La violenza di genere non è molto presente nei media svizzeri, ma il fenomeno è tutt’altro che marginale: secondo le statistiche in Ticino la polizia riceve mediamente tre segnalazioni al giorno per conflitti familiari e violenza domestica, nel Canton Ginevra due, mentre nel Canton Zurigo addirittura 15 al giorno. Quando se ne parla, spesso lo si fa solo su giornali locali o tabloid e l’atto viene impropriamente descritto come un “dramma familiare”, una “tragedia relazionale” o un “caso isolato”, raramente si utilizza il termine femminicidio. Lo abbiamo visto recentemente in Ticino, quando una donna è stata uccisa dall’ex-marito a colpi d’arma da fuoco. Si è scritto di omicidio-suicidio, di dramma familiare e ci si è addirittura interrogati se fosse opportuno o meno usare il termine femminicidio.

In Svizzera, una donna viene uccisa ogni due settimane dal marito, dal partner, dall’ex-partner, dal fratello, dal figlio o da uno sconosciuto. Ogni settimana una donna sopravvive ad un tentato femminicidio. Questo è quanto ha segnalato nel 2019 l’Ufficio federale per l’uguaglianza fra donna e uomo, ma le statistiche sono solo la punta dell’iceberg perché fanno luce sui casi di violenza e di morte noti, mentre il numero dei casi non denunciati rimane sconosciuto. Dall’inizio del 2021 i femminicidi registrati da stopfemizid.ch sono già stati 13 e due quelli tentati; in tutto il 2020 ne sono avvenuti 16 e almeno 5 tentati.

Il perché sia importante riferire in maniera attenta e adeguata di questi temi lo rivelano i risultati del progetto Step, condotto in Italia: l’analisi dei 16.715 articoli dei 15 quotidiani presi in esame e delle quasi 300 sentenze ha portato alla conclusione che la rappresentazione sociale della violenza tende ad attenuare o addirittura omettere le responsabilità degli uomini che commettono un atto violento.

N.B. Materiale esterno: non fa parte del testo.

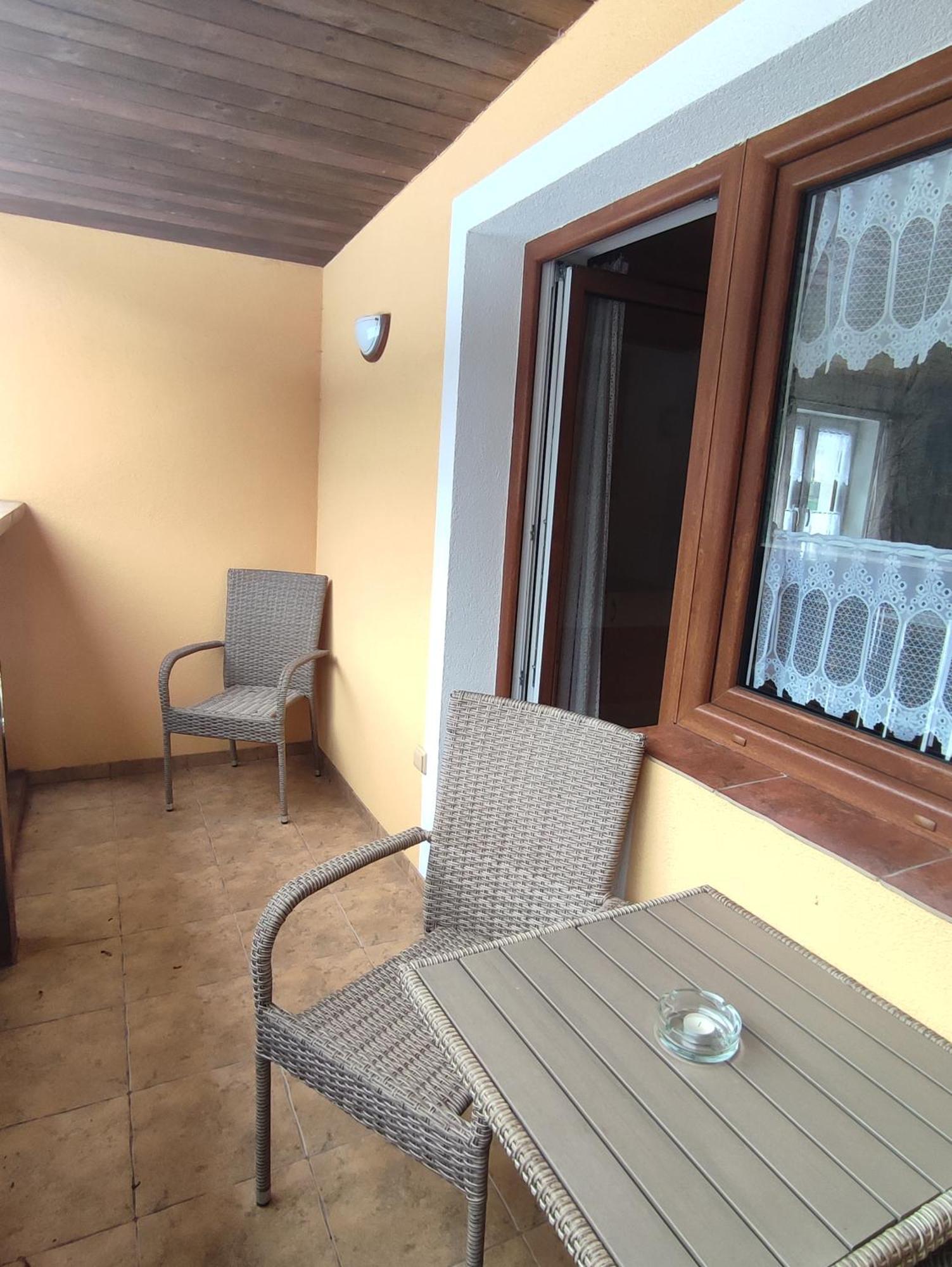 Apartmany Pod Vysakem Stárkov Kamer foto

Questo sia in ambito giornalistico che giudiziario e attraverso dei meccanismi ricorrenti, “minimizzando” i fatti con: una reazione di lui dovuta a qualcosa che lei ha detto, fatto o non fatto; utilizzando termini riconducibili alla gelosia, al possesso o al raptus e “giustificando” in questo modo il comportamento violento; circoscrivendo l’accaduto all’ambito privato, familiare, di coppia, riconducendolo così alla normalizzazione del conflitto familiare; ridimensionando la violenza sessuale riconducendola ad una naturale “esuberanza” tipicamente maschile.

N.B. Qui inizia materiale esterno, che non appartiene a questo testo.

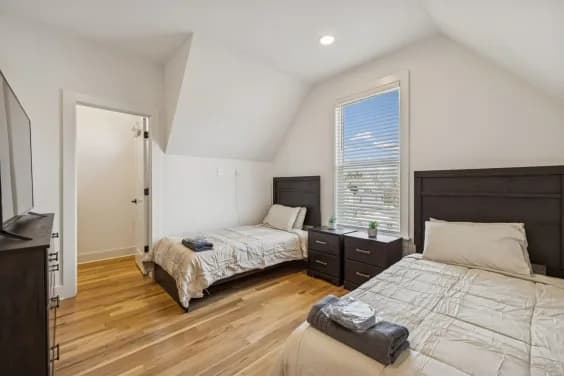 55-2623-Pennington-Ave-055.webp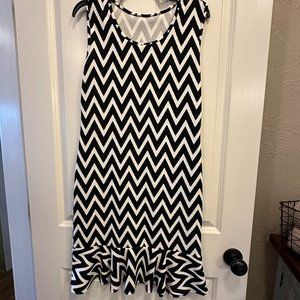 White Mark black and white chevron dress with flouncy hem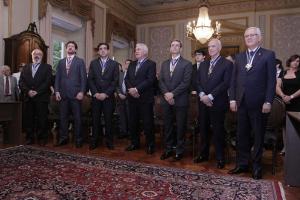Os sete homenageados pelo TCM-RJ com o  Colar do Mérito Ministro Victor Nunes Leal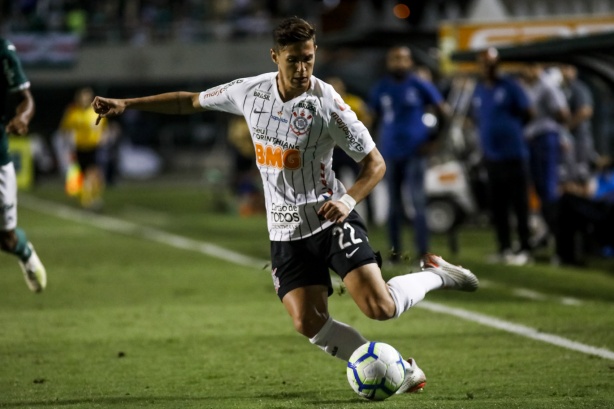 Mateus Vital durante o Dérbi deste sábado, no Pacaembu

In questo modo non c’è una chiara rappresentazione del colpevole, anzi, a volte la donna, da vittima, si ritrova ad essere dipinta come colpevole, come se in qualche modo se la fosse andata a cercare, e diventa così vittima tre volte: per la violenza subita, per la rappresentazione colpevole che di lei danno la stampa e l’ambito giudiziario e infine si ritrova confrontata con una giustizia depotenziata proprio da questa narrazione distorta.